Stein compared climate change to Pearl Harbor, explaining that when the US was attacked at Pearl Harbor, there was a national mobilization to meet the emergency. She claimed that the US is in a similar emergency today, and proposed that bomb factories can be converted to clean energy, solar and wind factories, much as car factories were converted to bomb factories during WWII.
Johnson said that he didn't believe a president can have an effect on climate change, and that market demands are the best method of combating it. As consumers demand lower carbon emissions, he argued, carbon emissions begin to go down.
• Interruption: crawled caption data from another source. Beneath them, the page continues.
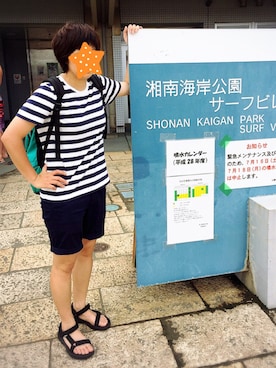 しーしさんのコーディネート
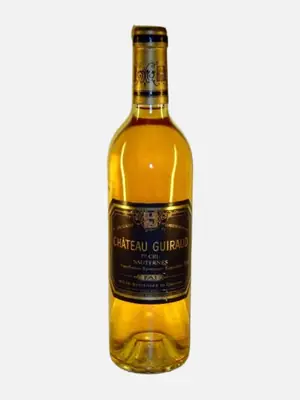 Château Guiraud 1983 · 4. Mai 2013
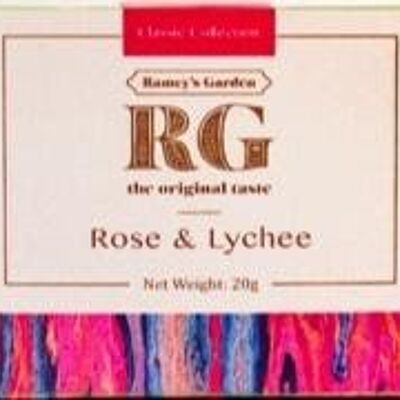 Rose & Lychee , Rose & Lycheeeee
Stein said WikiLeaks is not a threat to national security, and paraphrased founding father Benjamin Franklin: "If we sacrifice liberty for the sake of security, we will end up losing both." She maintained that the American people have a right to know what their government is doing.
Transparency is central to exposing government crimes committed behind closed doors, she asid, adding that the world owes WikiLeaks and Bradley Manning a debt of gratitude for bringing it about. She noted that President Obama has prosecuted more whistleblowers than all US presidents combined.
Johnson generally agreed, saying WikiLeaks had brought transparency to the system, and that it has posed no threat to America's security.
Stein said that President Obama has reinterpreted legislation allowing the government to imprison and assassinate anyone without charge – including American citizens. She called this a "dreadful attack" on civil liberties, and that the crackdown on the Occupy Wall Street movement showed that the right to protest is also under attack.
Johnson said that the origin of the US police state lay in the War on Drugs, and that he would enact policies bringing an end it, including the immediate legalization of marijuana.
He continued that he would have vetoed the NDAA, and would never have established the Department of Homeland Security. He also added that, for example, he would leave airport security up to the airlines and local municipalities.
Johnson also said that in a recent ACLU report rating each candidate's stances on civil liberties, he ranked the highest at 21out of 24, while Romney received a 4 out of 24 and Obama received a 16 out of 24.
Johnson took a decidedly simply stance on budget cuts: "I absolutely believe we need austerity." He warned of a monetary collapse if the US does not balance its budget, and claimed austerity would help avert the crisis. If the US continues down its current path, "we will collapse," he said.
Stein argued that "austerity has a track record, and it's not a good one," saying that if it worked in the United States, it would be for the first time ever. She proposed her Green New Deal as an alternative.
The New Deal "radically" reduced unemployment within a few months of being implemented, she said, adding that new jobs in green and renewable energy will pay for themselves.
Stein claimed that austerity would only worsen the country’s economic outlook, and that the talk of shared sacrifice should include a look at the "pillaging" of working and poor people, whose wealth, she said, has been shifted to the top. The working class has sacrificed enormously, and the wealthy few must match that sacrifice, she said.
A Medicare-for-all policy would be one serious alternative to austerity, and would transform a "massive, wasteful corporate health care bureaucracy" into a program with only a fraction of the red tape and overhead.
For the final question, Stein said that Americans have the right to know what they are eating, and called for the labeling of all genetically modified food products. She also proposed a moratorium on genetically engineered food until it's proven to be safe to eat.
Johnson said that one of the government’s fundamental roles is to educate citizens – for example, by labeling food ingredients. He asserted that consumers must have all the relevant information in order to make free choices.